After 30 Year Silence Ken Comes Out of Closet, Scares Chics

I exhume a box of old dolls from my closet and give them to the princess. As you can imagine, she is thrilled, and immediately combines the dusty toys with her new Barbies, and accessories. Next comes the question I'm kind of dreading, because I'm busy. "Mommy, can you play Barbies with me?" I pause, looking down at my daughter, whose face is forming a frown in anticipation that I might not agree. I can remember saying the same exact words, and to this day, the names of adults who played games with me are written on my heart. I decide to put down what I'm doing and play. Besides, Readers, as I think you might guess, this game will probably amuse me.
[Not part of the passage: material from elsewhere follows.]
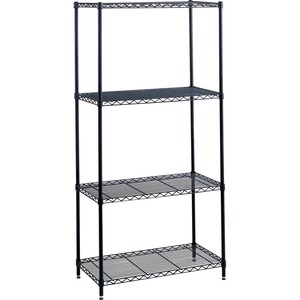 Safco+Industrial+Wire+Shelving+-+48%26quot%3B+x+18%26quot%3B+x+72%26quot%3B+-+4+x+Shelf%28ves%29+-+1250+lb+Load+Capacity+-+Leveling+Glide%2C+Dust+Proof%2C+Adjustable+Leveler%2C+Adjustable+Feet+-+Black+-+Powder+Coated+-+Steel+-+Assembly+Required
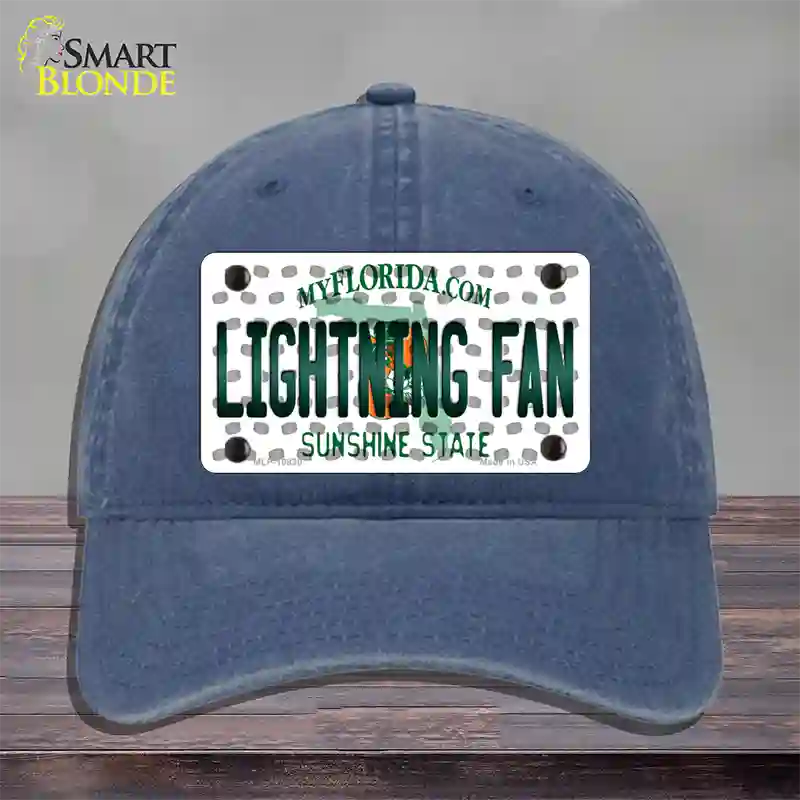 Lightning Fan Florida Novelty License Plate Hat Unconstructed Cotton / Navy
First we dress them. Ken's clothes have to go. He's worn the same suit every day since 1980.

"Ken, these clothes won't do if you want to be a playa with the 2008 Barbies." I say.

The princess agrees, asking, "Mommy what's a 'playa'?"

Oops, maybe I should not have said that. "Um...That's what Mommy used to date before she met your daddy, honey."

The princess nods, seeming to understand me as we dress Ken up semi-casually, in blue rubber sneakers, jeans and a sports tee.

"There, he's hip," I say. "Now he can find Barbies to take to the Ball," adds the princess.

Then Barbie and her friends drive up in their 1985 plastic jeep.

"Look, there's Ken. We haven't seen him in like, 30 years. What's up Ken?"

Old, washed-up Barbie is driving. The girls dump her on the side of the road. Ken is all cool, riding on his giant stuffed cat.

"Hey, Ladies, what's up? You're lookin' fine!" Ken says.

The princess makes the Barbies giggle. Suddenly, Geek Barbie's glasses fall out of the car. When Ken bends down to retrieve them, the unspeakable happens. His pants split. Barbie and her friends gasp.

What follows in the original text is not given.